Review Blog

Jul 24 2018

Vasilisa the wise, and other tales of brave young women retold by Kate Forsyth

cover image

Ill. by Lorena Carrington. Serenity Press, 2017. ISBN 9780648103066
(Age: 10+) Highly recommended. Themes: Folklore. Short stories. Read aloud. Beautifully retold by Kate Forsyth and illustrated by Lorena Carrington, this collection of old tales had me fascinated from the first story and I was compelled to finish the whole book in one sitting. What a contrast to the Disney retelling of popular fairytales and certainly one for young women who are beginning their journey to adulthood.
The first story, "Vasilisa the wise", introduces the reader to the terrifying witch Baba-Yaga, and helped by her little doll, Vasilisa manages to use her wits to overcome her and escape from captivity. Another tale that stands out was "The toy princess" who was replaced by an automaton with limited vocabulary and who always was docile and did the right thing, leaving the reader to ponder whether it is better to be a free and happy peasant girl than a passive princess.
All the stories have brave, strong and intelligent young women who are also kind and helpful. Flora is prepared to marry a giant serpent to save her friend the prince in "A bride for me before a bride for you", while Katie Crackernuts saves her sister from a terrible spell, and Rosemary, a lone parent, is not prepared to give up the search for her little son, stolen by the faery folk of Sidhe in "The stolen child".
The stories are retold in lyrical prose by Kate Forsyth and beg to be read aloud.

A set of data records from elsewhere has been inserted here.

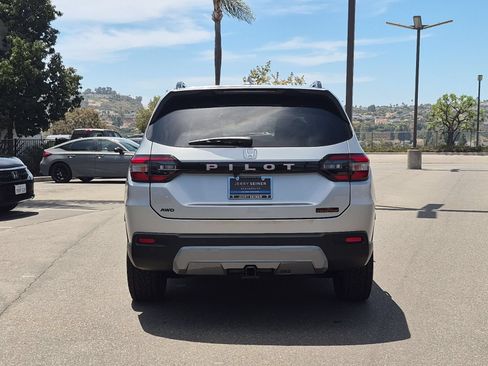 New 2026 Honda Pilot TrailSport image 10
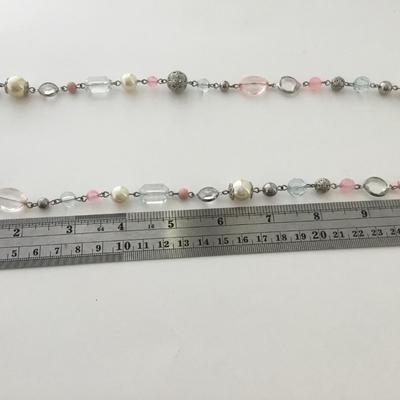 Unmarked beautiful beaded fashion necklace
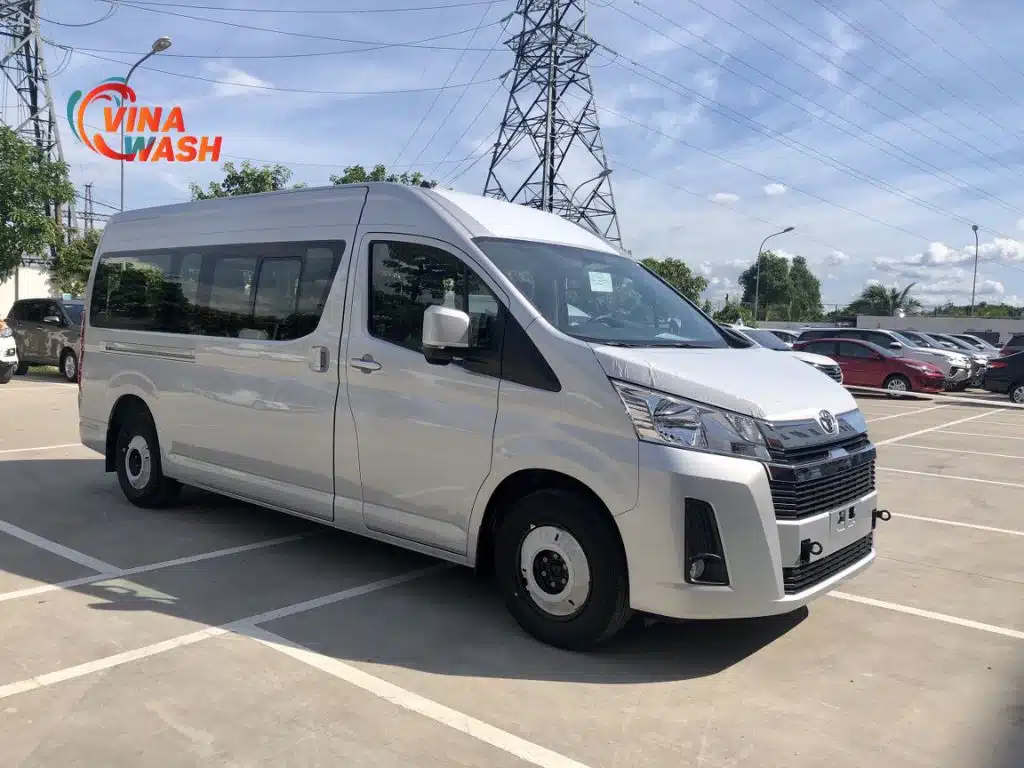 Thiết kế đầu xe của Toyota Hiace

At the beginning of each story is an introduction which informs the reader of the source of the tale and when it was first in print, and at the end of each story is a paragraph by Kate about why she chose that story and a paragraph by Lorena telling about the process of illustrating the story, often using photos of Kate's and her daughters and detritus from the forest floor.
Kate says in her introduction "...we knew we wanted the stories and the artwork to be full of darkness and peril and tension, just as the old stories always were," and both very successfuly fulfil that with stories and illustrations that will inspire and challenge all readers.
This book would be a great gift for young women and is a must have for libraries.